The first stone carrying railway may have been built some time after 1800 – the date when William Reynolds took a lease on quarries at Tickwood and Wyke – to transport stone north eastwards, probably to a Severnside wharf on the Buildwas-Benthall boundary (perhaps the area now occupied by Buildwas power station). This railway had gone by 1833 and I have found no other reference to it, nor indeed any trace of it on the ground. Between 1824 and 1833 the Madeley Wood Company built a railway north from Gleedon Hill to a Severnside wharf [a short distance] upstream (west) of Buildwas bridge. In 1862, mainly to improve the transport of limestone to the Severn, and of coal from there to the kilns at Much Wenlock, a steam railway was opened from Buildwas to Much Wenlock [35].” [34]

The railway built by the Madeley Wood Company between 1824 and 1833 was probably the route which was known as the Gleedon Hill Tramroad. This did not follow the valley in the way that the later railway did but ran South from wharves on the River Severn to the West of Buildwas. Bertram Baxter noted that this was about 1.75 miles in length. [34]

The route of the tramway can be followed on the 25″ Ordnance Survey of 1881/1882. Doing so, is beyond the scope of this article but one extract from the 1881/1882 Ordnance Survey will illustrate its relative proximity to the Bradley Rock Quarry.

It should be noted that, while there is clear evidence for the existence of the Gleedon Hill Tramroad and of the red line drawn onto this extract from the 25″ 1881/182 Ordnance Survey being correct, the suggested possible tramway routes are speculative.
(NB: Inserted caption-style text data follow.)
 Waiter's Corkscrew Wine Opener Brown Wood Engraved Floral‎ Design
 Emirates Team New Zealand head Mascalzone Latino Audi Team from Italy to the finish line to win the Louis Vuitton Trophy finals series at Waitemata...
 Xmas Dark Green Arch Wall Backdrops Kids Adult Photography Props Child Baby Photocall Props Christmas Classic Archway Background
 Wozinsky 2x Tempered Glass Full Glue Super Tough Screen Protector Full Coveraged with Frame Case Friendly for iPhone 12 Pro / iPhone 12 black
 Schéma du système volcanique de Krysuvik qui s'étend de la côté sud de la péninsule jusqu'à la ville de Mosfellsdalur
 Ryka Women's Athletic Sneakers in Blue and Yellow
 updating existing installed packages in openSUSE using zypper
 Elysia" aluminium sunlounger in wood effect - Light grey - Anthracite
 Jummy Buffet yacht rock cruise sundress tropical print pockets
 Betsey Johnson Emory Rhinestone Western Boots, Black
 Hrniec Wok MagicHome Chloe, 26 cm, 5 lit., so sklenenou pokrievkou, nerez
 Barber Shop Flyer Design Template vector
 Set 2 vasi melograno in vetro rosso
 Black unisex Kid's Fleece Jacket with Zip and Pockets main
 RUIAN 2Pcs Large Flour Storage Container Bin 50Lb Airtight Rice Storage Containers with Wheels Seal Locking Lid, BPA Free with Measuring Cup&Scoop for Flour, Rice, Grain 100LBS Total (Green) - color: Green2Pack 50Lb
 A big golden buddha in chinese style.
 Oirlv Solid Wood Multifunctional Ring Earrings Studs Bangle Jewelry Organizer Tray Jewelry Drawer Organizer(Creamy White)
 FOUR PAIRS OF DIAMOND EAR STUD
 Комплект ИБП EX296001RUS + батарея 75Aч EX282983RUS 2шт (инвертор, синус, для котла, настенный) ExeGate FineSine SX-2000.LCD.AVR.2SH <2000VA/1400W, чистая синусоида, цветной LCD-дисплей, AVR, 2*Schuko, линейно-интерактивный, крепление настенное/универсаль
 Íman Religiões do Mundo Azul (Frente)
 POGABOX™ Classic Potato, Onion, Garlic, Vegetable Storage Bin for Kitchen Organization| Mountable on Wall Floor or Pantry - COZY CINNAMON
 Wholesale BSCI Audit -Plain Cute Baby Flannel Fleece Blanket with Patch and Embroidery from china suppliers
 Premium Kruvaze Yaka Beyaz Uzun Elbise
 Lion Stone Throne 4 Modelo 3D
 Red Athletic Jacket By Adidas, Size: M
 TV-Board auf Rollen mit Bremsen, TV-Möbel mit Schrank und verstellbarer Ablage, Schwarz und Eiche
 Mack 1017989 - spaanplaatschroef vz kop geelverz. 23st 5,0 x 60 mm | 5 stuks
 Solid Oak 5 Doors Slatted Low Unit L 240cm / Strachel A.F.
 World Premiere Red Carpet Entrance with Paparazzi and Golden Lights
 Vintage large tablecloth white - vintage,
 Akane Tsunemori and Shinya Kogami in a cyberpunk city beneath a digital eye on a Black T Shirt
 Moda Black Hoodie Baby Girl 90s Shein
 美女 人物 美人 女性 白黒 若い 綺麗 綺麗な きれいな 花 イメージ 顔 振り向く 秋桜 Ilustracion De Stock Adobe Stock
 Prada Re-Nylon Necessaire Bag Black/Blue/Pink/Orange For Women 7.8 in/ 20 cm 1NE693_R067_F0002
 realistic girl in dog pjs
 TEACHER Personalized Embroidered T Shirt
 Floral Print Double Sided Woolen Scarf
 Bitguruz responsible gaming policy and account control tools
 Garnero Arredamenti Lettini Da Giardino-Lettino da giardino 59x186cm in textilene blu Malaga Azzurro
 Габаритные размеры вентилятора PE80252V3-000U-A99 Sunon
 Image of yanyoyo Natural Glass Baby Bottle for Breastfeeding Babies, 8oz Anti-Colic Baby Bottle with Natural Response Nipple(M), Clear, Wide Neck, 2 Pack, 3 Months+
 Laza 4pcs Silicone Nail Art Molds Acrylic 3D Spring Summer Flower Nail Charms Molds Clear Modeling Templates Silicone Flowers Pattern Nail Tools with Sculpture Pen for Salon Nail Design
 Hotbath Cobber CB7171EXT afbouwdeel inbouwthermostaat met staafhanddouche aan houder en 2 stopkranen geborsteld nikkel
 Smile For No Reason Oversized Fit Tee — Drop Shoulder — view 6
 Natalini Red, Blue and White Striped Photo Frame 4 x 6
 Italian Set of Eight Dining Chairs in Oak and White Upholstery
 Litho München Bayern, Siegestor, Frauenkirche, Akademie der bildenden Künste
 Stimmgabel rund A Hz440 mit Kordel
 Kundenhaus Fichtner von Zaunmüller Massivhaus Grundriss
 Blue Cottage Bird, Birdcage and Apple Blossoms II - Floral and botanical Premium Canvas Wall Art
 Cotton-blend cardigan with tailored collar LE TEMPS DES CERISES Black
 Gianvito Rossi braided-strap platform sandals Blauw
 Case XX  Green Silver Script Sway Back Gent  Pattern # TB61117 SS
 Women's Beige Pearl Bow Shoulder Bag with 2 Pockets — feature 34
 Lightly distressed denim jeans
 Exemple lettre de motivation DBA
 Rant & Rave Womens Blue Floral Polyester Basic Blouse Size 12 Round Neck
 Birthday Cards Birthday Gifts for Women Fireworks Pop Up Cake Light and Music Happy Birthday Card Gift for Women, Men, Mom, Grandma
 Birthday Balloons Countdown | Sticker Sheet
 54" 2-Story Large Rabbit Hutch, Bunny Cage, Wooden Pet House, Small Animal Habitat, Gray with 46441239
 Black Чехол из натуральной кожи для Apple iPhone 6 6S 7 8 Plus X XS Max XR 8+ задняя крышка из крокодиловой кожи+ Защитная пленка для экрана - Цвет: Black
They do illustrate, however, that they were possibly used to access the Much Wenlock Road by the owners of Gleedon Hill Quarry before the construction of their tramroad. It is possible that they were also able, later, to take materiel from Bradley Rock Quarry to the Gleedon Hill Tramroad. To be able to firm up this possibility, further research would be required. [36]

Adrian Knowles, in his excellent book about the line, “The Wellington, Much Wenlock and Craven Arms Railway, that quarrying ceased at the Bradley Rock Quarry in 1927, “and this ended a quaint tradition. Each morning, just before 10.00am, the quarry timekeeper had stood at the connection to Bradley Sidings from where the crossing keeper’s cottage at Farley could just be seen down the line. The crossing keeper would stand at the door with his arm raised and at the instant he dropped his arm the quarry man would know that the Greenwich time signal had been relayed by telephone. Thus, for many years, railway time was quarry time.” [40: p105]

Apparently, “The redundant quarry buildings were later purchased by the Midland Counties Dairy for conversion to a creamery, mainly engaged in cheese production, which opened in April 1934 under the name ‘Dingle Dairy’. Bradley Sidings were left intact but were seldom used as the Midland Counties Dairy operated its own lorries to collect milk from surrounding farms and despatch the finished cheeses. Even the small tramway, which ran into the old quarry from Bradley Sidings, was left in place but was not used.” [40: p105]

The dairy was active until the mid-to late 1930s, but after its closure the newly formed Railway Executive Committee brought about an agreement for the Sidings to be taken over by the Air Ministry “which cleared most of the old buildings in 1938 and installed 16 large underground oil storage tanks. The original quarry tramway, which had been left in place while the dairy had occupied the site, was removed at this time, but the standard gauge siding and connection to the branch were retained. The establishment of the Air Ministry fuel depot was to have dramatic and exciting implications for the Much Wenlock branch and a hint of what was to come was given when strengthening work was undertaken on an occupation bridge near Farley.” [40: p115-116]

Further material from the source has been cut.